This extended example shows how p-values can be used. The structure follows a scientific method to emphasize the underlying structure to research.
The Research Question
A school zone with crossing guard in Oakland, CA (1943). Photo courtesy the Library of Congress. |
The research question is a question that frames your interest in broad terms. It ends in a question mark and should be interesting to someone. For this example, the student (Captain Kirk) was completing an assignment for me. The interest was higher than expected.
Do people tend to slow down for the school zone?
North of our campus, there is an elementary school on Washington Street. The school zone has a speed limit of 30 mph, even when children are not present. It is located in a 35mph zone. As a police officer, Kirk had access to his own, personal radar gun, so getting the speeds was not a problem for him.
What was a problem, however, was making sure that Kirk’s presence did not influence the behavior of the drivers. For some reason, even someone without a uniform, slows people down when holding a radar gun. Also, a middle-aged man hiding in a bush near an elementary street may create its own set of issues.
To avoid these issues, Kirk decided to park his car along a side street near the school. This kept him hidden. It also allowed him to get speed measurements. We tested the accuracy of his radar gun and found that he was accurate to within 0.50 mph.
Note all of the work we had to do to make sure the measurements were representative of the population. This shows the importance — and difficulty — of planning.
The Research Hypothesis
The research hypothesis is a proposed answer to the research question. From experience, we decided that the answer would be that fewer than half of the drivers would slow down for the school zone. In symbols, the research hypothesis is
p < 0.500
The population parameter is p, the population proportion of people. The (in)equality sign is “fewer than.” The hypothesized value is 50%. Thus, we believe that the proportion of people who will slow down for the school zone is less than 50%. (Personally, I think it will be around 5%, but I am cynical.)
Remember: The research hypothesis is what the scientist cares about… the only thing. However, because of probability and the randomness of life, statisticians need two other hypotheses: the null and the alternative. From Table 1 in the p-values mini-lecture,
H0 : p ≥ 0.500
The alternative hypothesis is either the research hypothesis or its opposite. If there is an equals part to the research hypothesis, then the alternative hypothesis is the opposite of the research hypothesis. If there is no equals part, then the alternative hypothesis is the research hypothesis. Thus, for this example,
H1 : p < 0.500
Planning
Automobiles at the Cadillac Ranch (2013). Photo courtesy Carol M. Highsmith and the Library of Congress. |
Now that we have our hypotheses and a better understanding of the processes involved in creating the data, we can explicitly write our plan, which allows others to replicate our work.
- Select a random day of the week.
- Select three time periods (one hour each) during that day.
- Park the car as discussed and measure how many cars reduce their speed to 30mph or less when they enter the school zone.
- Repeat these three steps until at least 1000 cars are measured.
The second aspect of planning is planning the analysis. Here, it will be straight forward.
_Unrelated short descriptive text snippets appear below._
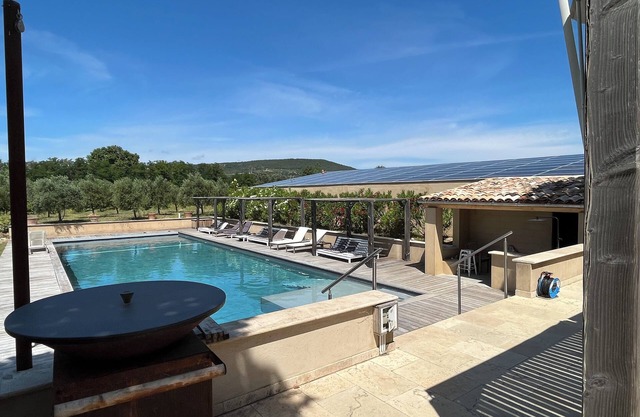 Calm, Comfort and Sports in an organic vineyard 5 minutes from Vaison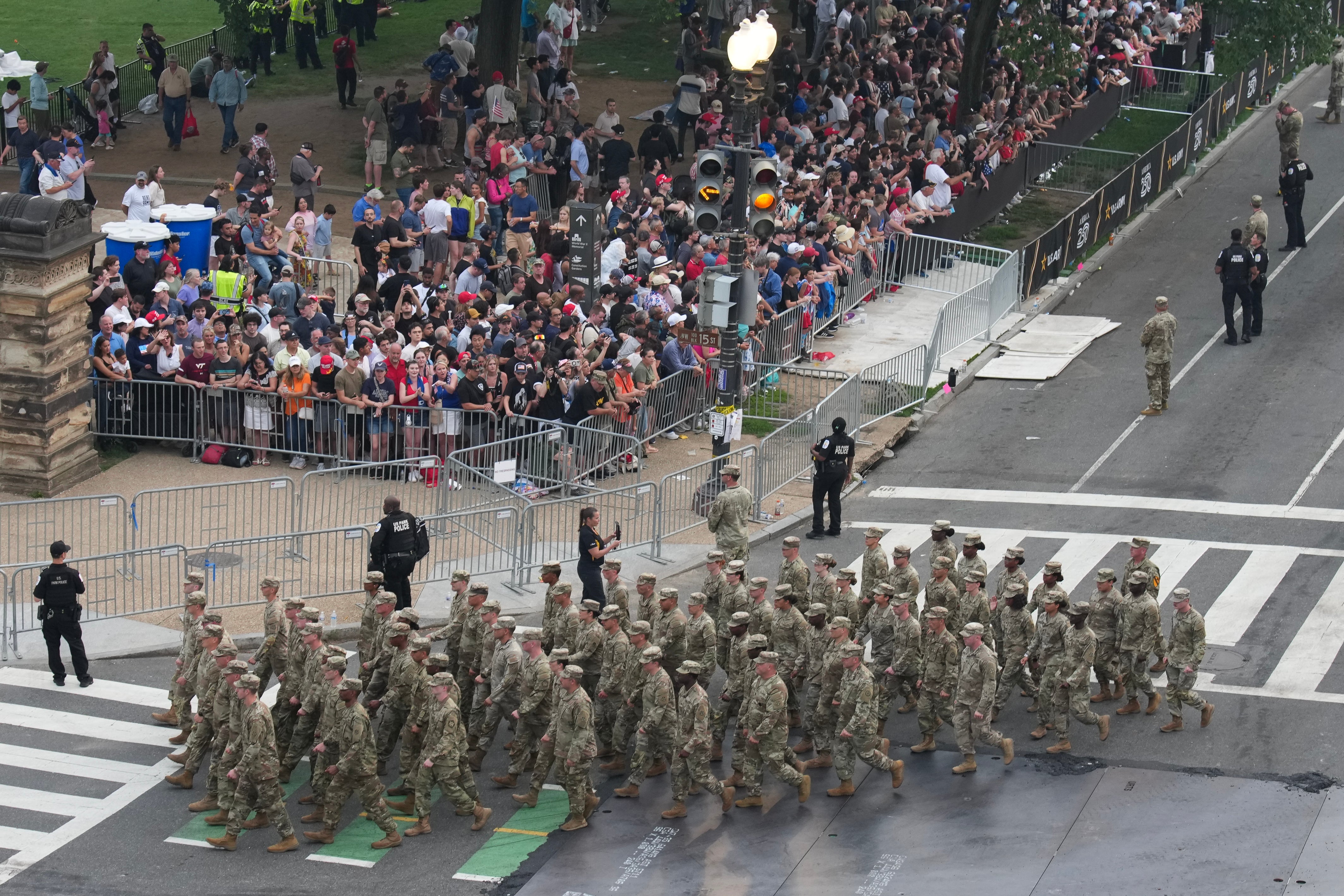 Slike marširajućih trupa i valjanih tenkova u Washingtonu u subotu su u suprotnosti s masovnim demonstracijama 'bez kraljeva' protiv Trumpa u gradovima i gradovima širom zemlje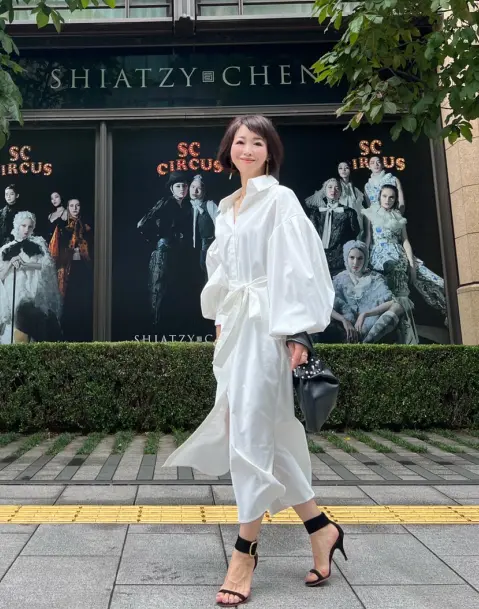 おしゃれなアラフィーの「夏ワンピース」今年らしい着こなしとは？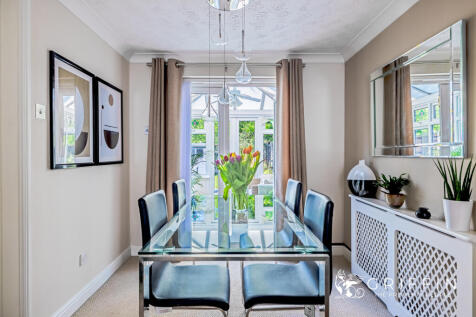 Lounge &amp; Dining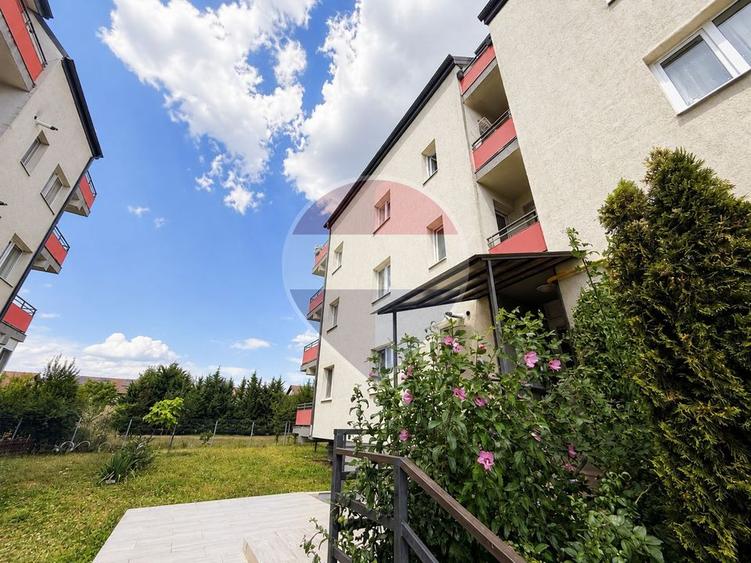 Apartament cu 2 camere semidecomandat în Florești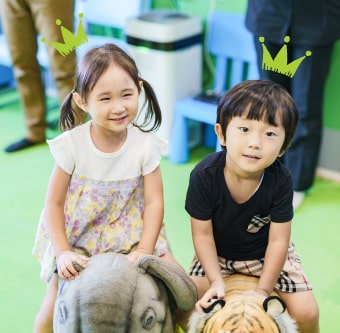 動物の遊具に乗る女の子と男の子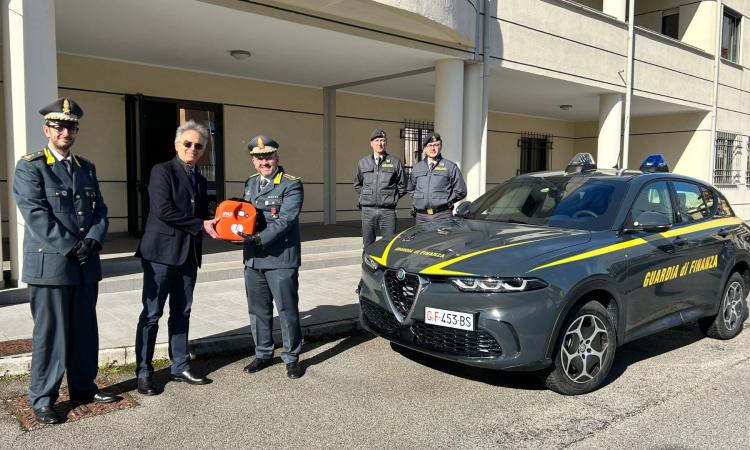 Guardia di Finanza sempre più all'avanguardia: nuovo defibrillatore a bordo dell'Alfa Tonale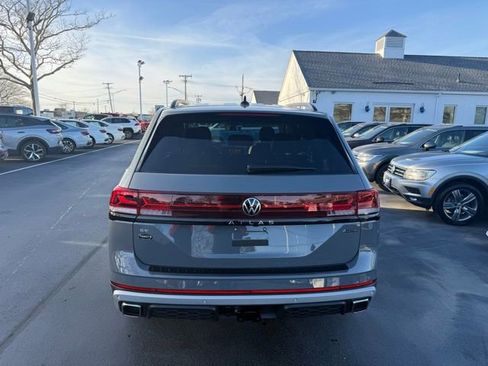 Certified 2025 Volkswagen Atlas Peak Edition SE image 4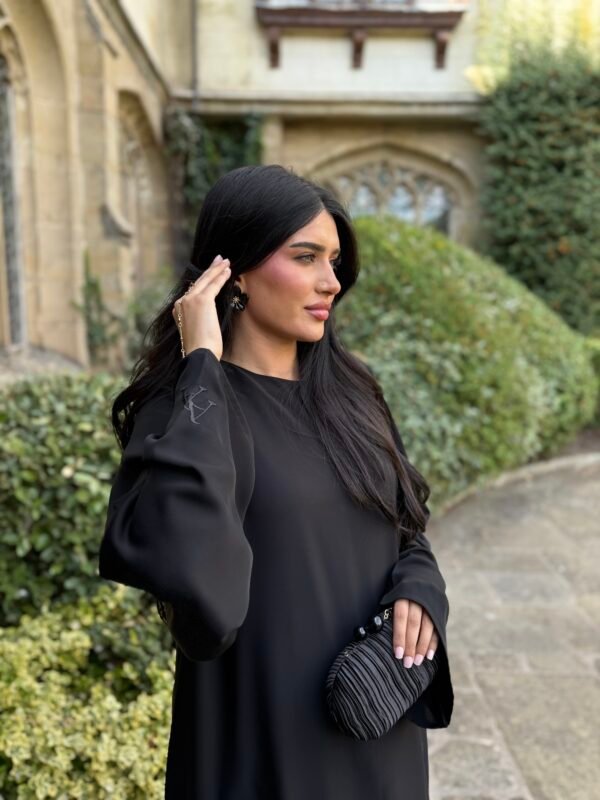 Black Azhara Essential Abaya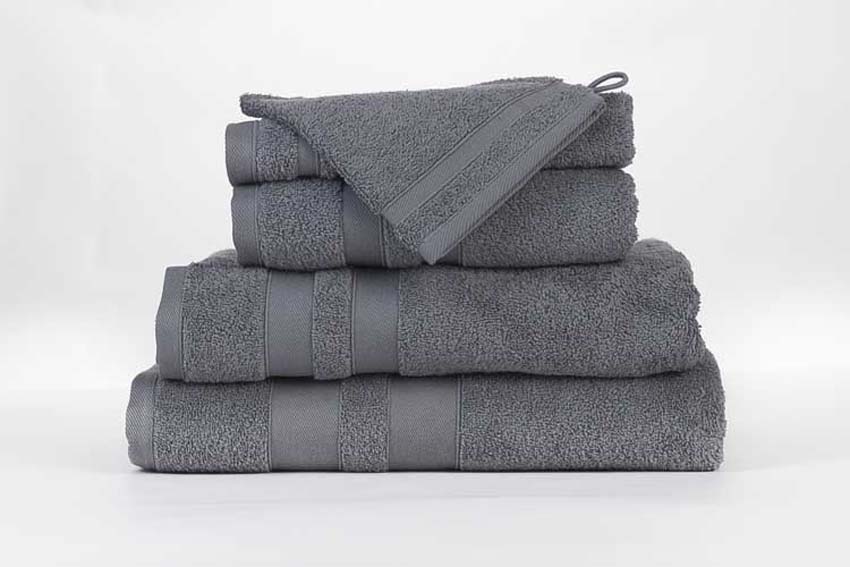 Set de serviettes Cosibel en coton gris 2 personnes qualité hôtelière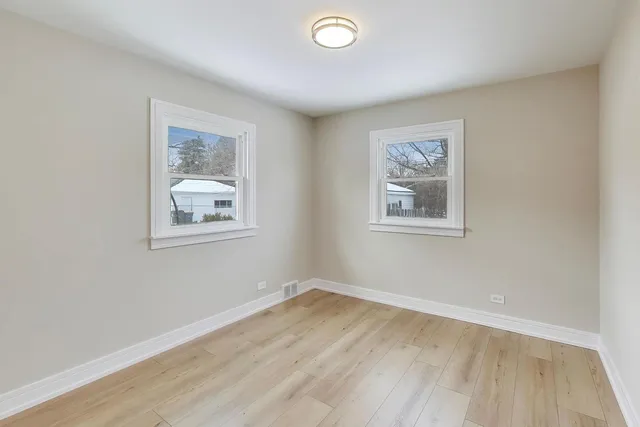 $599,999 | 1421 Cynthia Avenue, Park Ridge, IL 60068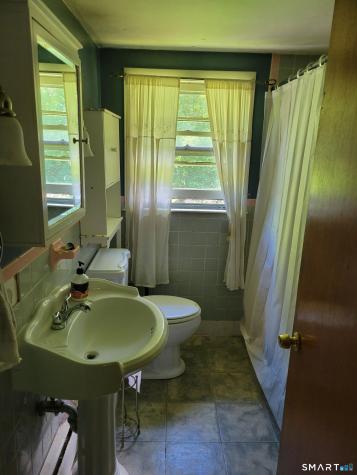 26 Dydo Drive Montville CT 06382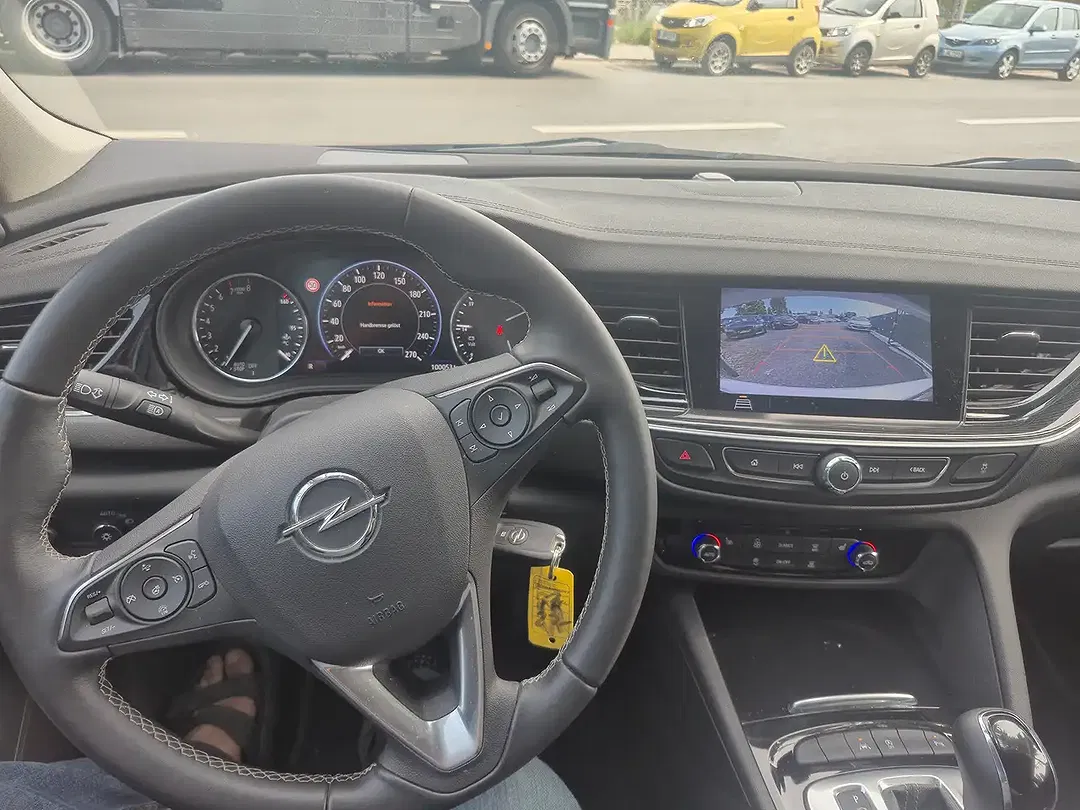 Opel Insignia - Thumbnail 15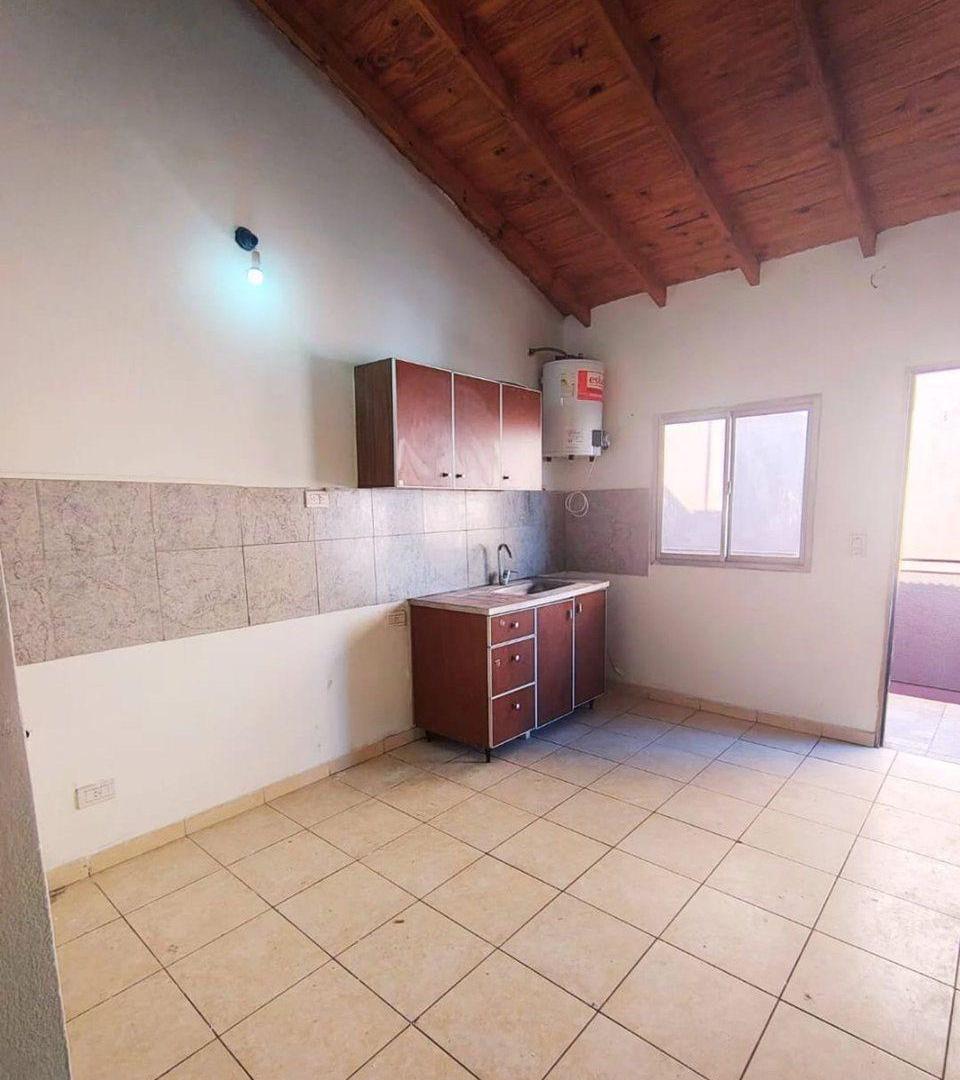 Foto de VENTA DE DEPARTAMENTO - DOS AMBIENTES- ZONA MUÑIZ, imagen 3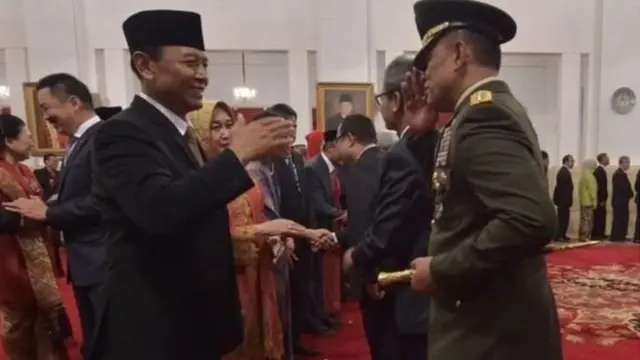 Menkopolhukkam Wiranto dan Panglima TNI Jenderal Gatot Nurmantyo, Juli 2015 di Istana Merdeka, Jakarta.
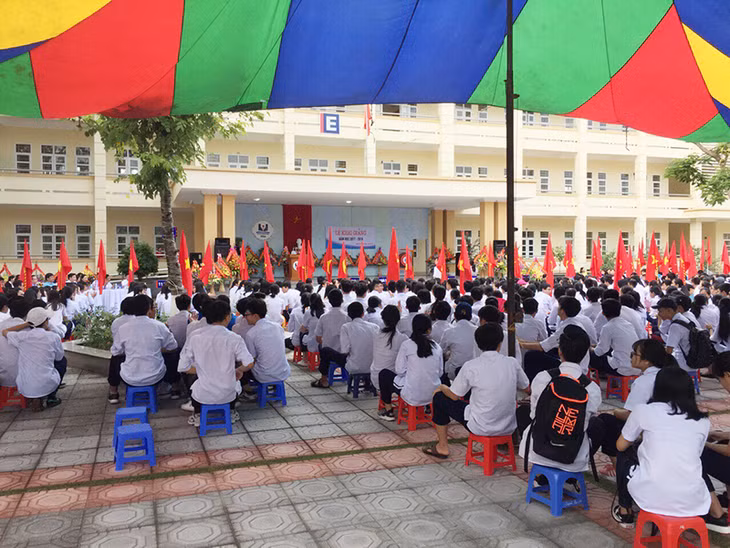 Quang cảnh lễ khai giảng của học sinh trường THPT Uông Bí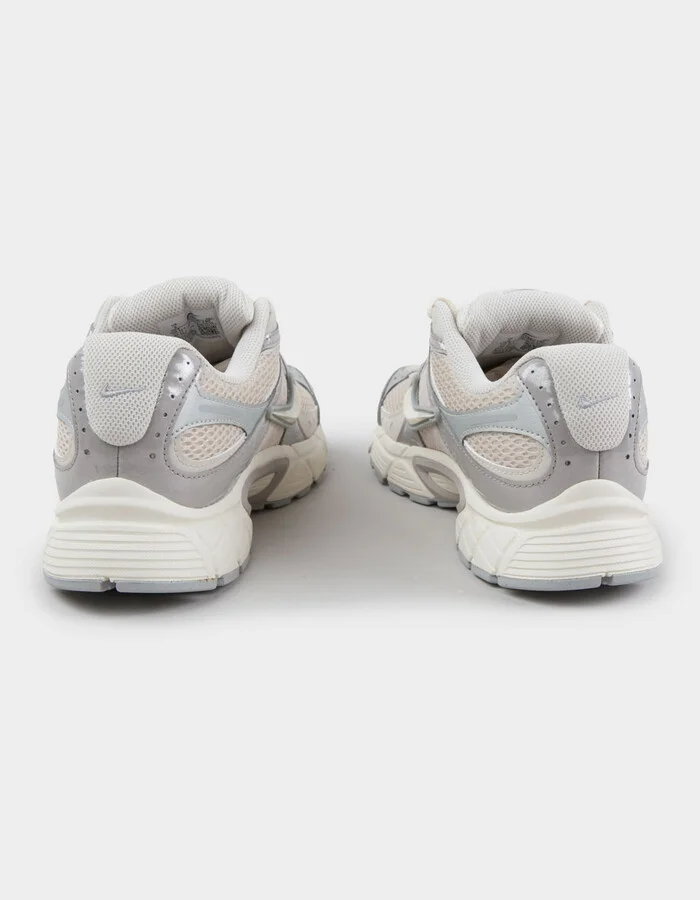 NIKE V5 RNR Mens Shoes - Image 4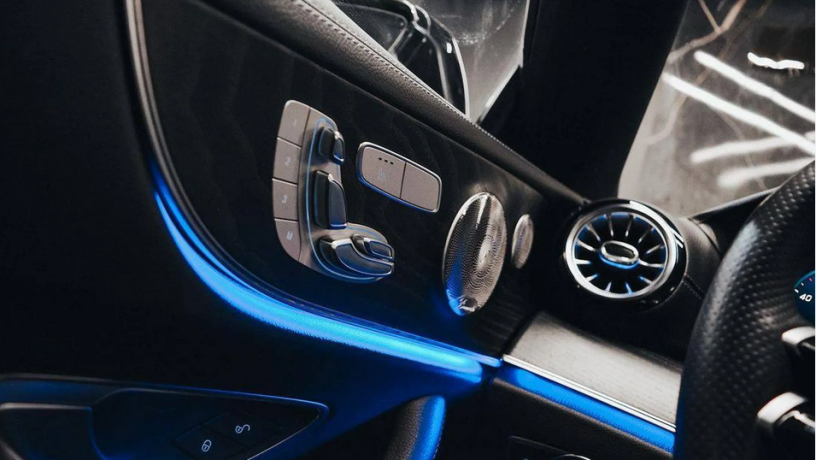 mercedes-e200-coupe-2023-big-1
We need to draw a conclusion about a single population based on a proportion. The correct test is the one-sample proportion test.
Execute the Plan
Now that we have a plan, we just need to execute it.
The student collected all of the data. Throughout it all, he kept aware of the data and thought of ways of extending the analysis (see next week). However, for this null hypothesis, he found that 21 of the 1045 cars reduced their speed to 30mph or less. He also found that only 54 out of the 1045 cars reduced their speed at all.
Analyze the Data
Unfortunately, Excel does not offer this function in the basic distribution. So, you will need to do these calculations “by hand” in Excel.
Interpret the Results
According to our calculations, the p-value is essentially 0. (The test statistic is a whopping -31.03!!.) As the p-value is less than our α=0.05, we reject the null hypothesis and conclude that the alternative is correct. In other words, we conclude that the proportion of people who slow down for this school zone is less than 50%.
Go Beyond the Yes/No
Alright, it’s cool that we know the proportion of people slowing down at this school zone is less than 50%. But, it would be interesting to know how many actually do slow down. This question requires us to calculate a confidence interval for p.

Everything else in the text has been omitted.